Darin zeigt sich auch das Problem der simplifizierenden Definitionen von „Extremismus“: In Österreich gibt es drei Referate. Jeweils für Rechtsextremismus, dem „politischen Islam“ und Linksextremismus (In Deutschland gibt es noch relativ diffus „ausländische Ideologie“). Das führt dazu, dass verschiedenste politische Strömungen, die friedlich und demokratisch sind, in diese drei eindimensionalen Kategorien gepresst werden müssen.

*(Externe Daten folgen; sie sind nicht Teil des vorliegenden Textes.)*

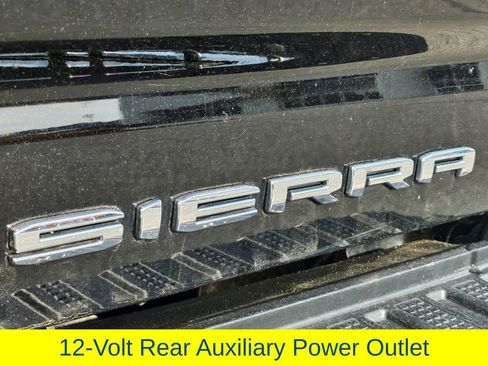Used 2022 GMC Sierra 2500 Denali w/ Technology Package image 34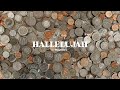 CKay ft. Blaqbonez - HALLELUJAH [Official Lyric Video)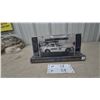 Image 1 : First Choice Collectibles RCMP 125th Anniversary Ford Crown Victoria 1:24 Scale Limited Edition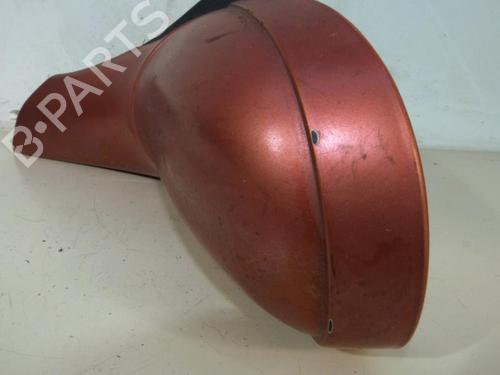 Left mirror OPEL CORSA B (S93) 1.7 D (F08, F68, M68) | BP23672052C26 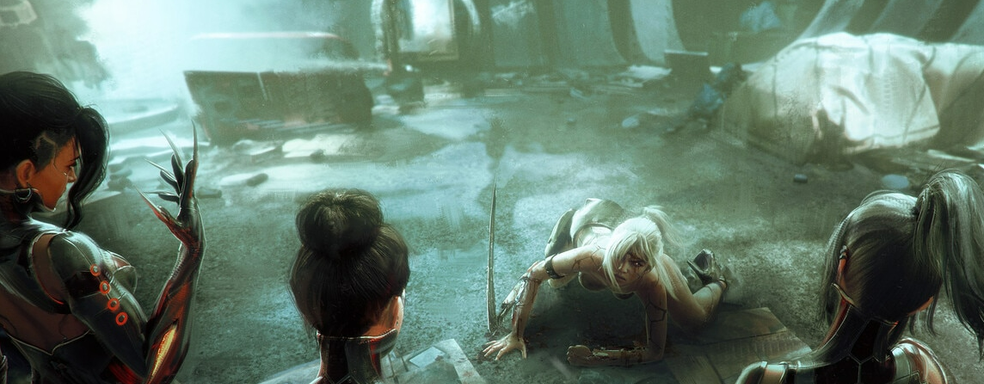 Акции CD Projekt RED ещё сильнее подешевели. Польская компания потеряла почти четверть капитализации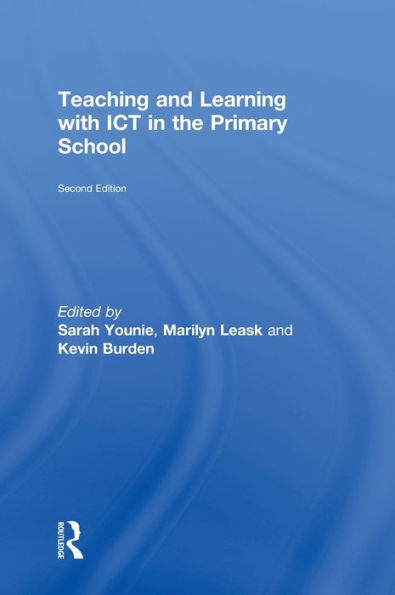 Teaching And Learning With Ict In The Primary School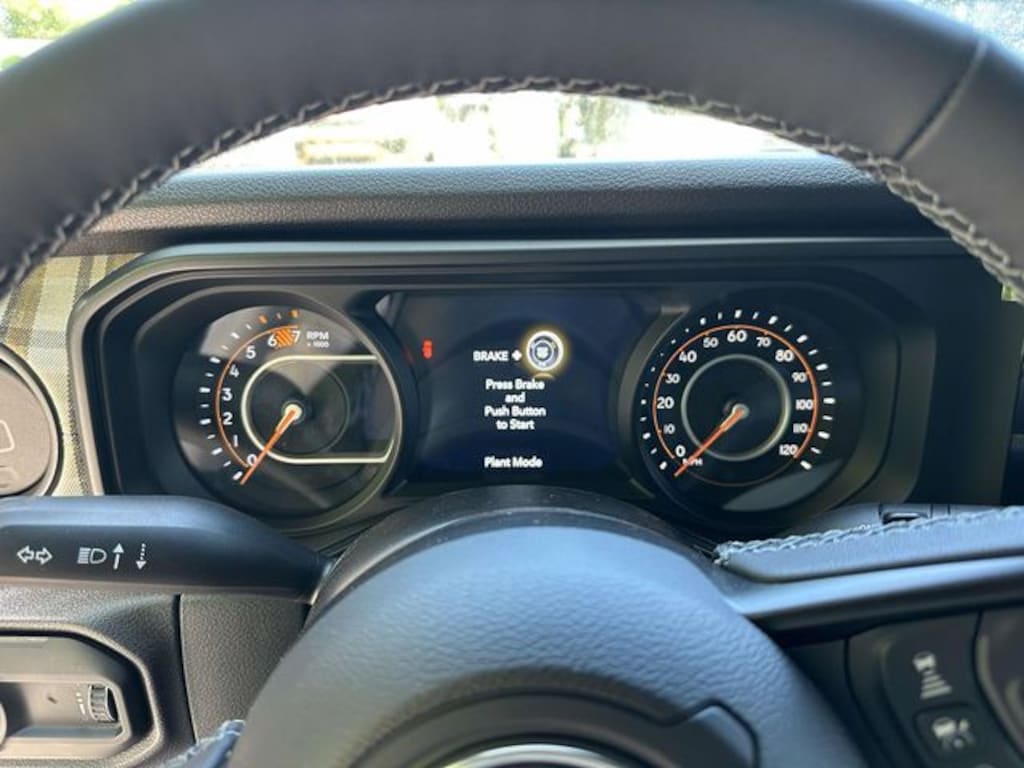 New 2026 Jeep Wrangler 4-DOOR 85TH ANNIVERSARY EDITION Sport Utility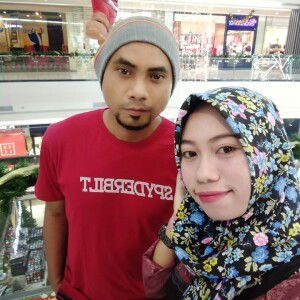 Sakinah profile icon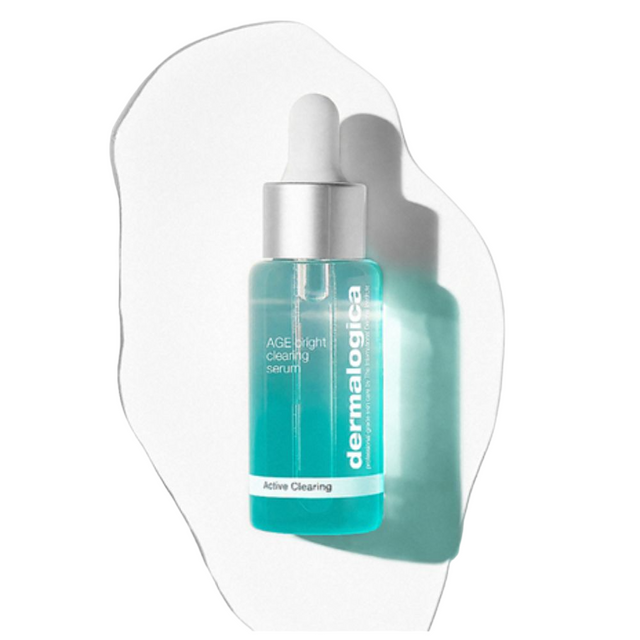 Dermalogica, Age Bright, Clearing, Serum, For Face, 30 ml - Feel You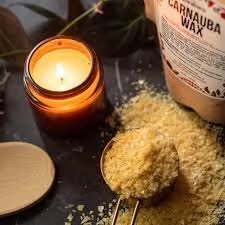 Beeswax Carnauba Wax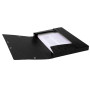CARTOBOX Nature Future Carte L.D25 NOIR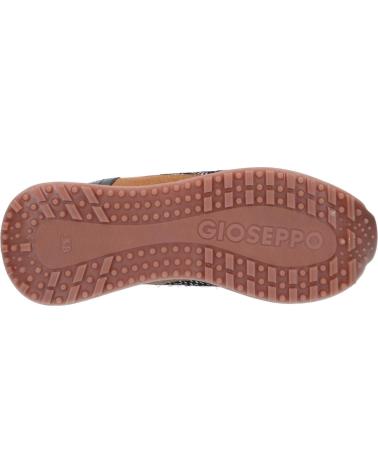 Zapatillas deporte de Mujer GIOSEPPO 67387-SONLEZ MARRON
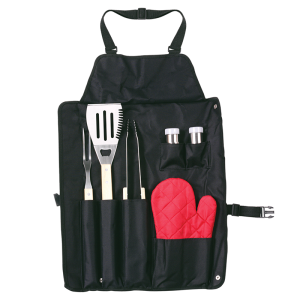 Grill set 2631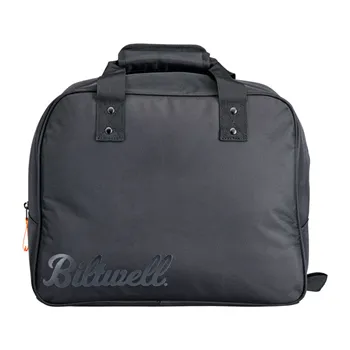 cafe 4 racer - Biltwell, helmet bag. Black - BILTWELL Bags 
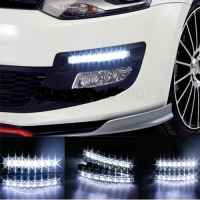 LED daytime running light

Und dass andere politische Ideologien unkritisch entpolitisiert werden.

Unzureichende Extremismus-Definition

So kommt es, dass beispielsweise Klimaaktivist*innen (Ende Gelände, Fridays For Future), antifaschistische Gruppen (und Demos gegen rechts allgemein), Anarchisten, Kommunisten, Anti-AKW-Proteste, G20-Proteste, Antigentrifizierungs-Demonstrationen, Anti-Militarismus-Demos und mehr alles unter „Linksextremismus“ fällt. Auch wenn viele dieser Dinge nichts miteinander zu tun haben und völlig unterschiedliche Motivationen darstellen. Während sich Rechtsextremismus beispielsweise auf Neonazis und Reichsbürger beschränkt. Rassismus aber übrigens nicht unbedingt zum Beispiel.

Der Vorfall führt aber bereits – zumindest in Österreich – zu einem Umdenken: So soll der Bericht in Zukunft um eine Rubrik erweitert werden. Das ist begrüßenswert, aber es löst ein grundlegendes Problem nicht, dass diese Sicht auf „Extremismus“ auch dazu führt, dass alles, was als „Extremismus“ gebrandmarkt wird, auf eine gleiche Stufe gestellt wird. In Zeiten, in denen die Zahl der Rechtsextremisten in Deutschland um ein Drittel gestiegen ist (Quelle) und es auch in Oberösterreich laut SPÖ-Sprecher „die höchste Zahl an rechtsextremen Handlungen“ gibt, ist eine Gleichsetzung gefährlich. Es sind einfach unterschiedliche Dimensionen an Kriminalität und Gewalt, die diese Einteilung nicht reflektiert.

Zahlen von 2018, Grafik von Frank Stollberg, Quelle

Fazit

Extermismusexperten kritisieren, dass Todfeinde wie Faschisten und Kommunisten durch diese Definition in einen Topf geworfen werden, aber von ihrer Ideologie dem Faschismus ähnliche Strömungen wie Nationalkonservativismus werden herausgerechnet. „Extremismus“ wird somit zum „inhaltsleeren Kampfbegriff“ und „Diffamierungsintrument“, der nicht nur ideologische Differenzen ausblendet, sondern auch die Dimensionen der Bedrohung (Mehr dazu bei der Bundeszentrale für politische Bildung).

Die friedlichen und demokratischen „Omas gegen rechts“ werden also zum Glück noch nicht als „linksradikal“ angesehen. Aber bereits jetzt wird von vielen politischen Akteuren diese vereinfachte Weltsicht genutzt, um Klima-Aktivismus oder auch Demonstrationen gegen Rechtsextremisten auf eine Stufe zu stellen mit genau diesen: Rechtsextremisten. Dieses Denken ist höchst gefährlich, weil es demokratischen Widerstand tabuisiert. Und letztlich nur denjenigen hilft, die damit eigentlich bekämpft hätten werden sollen.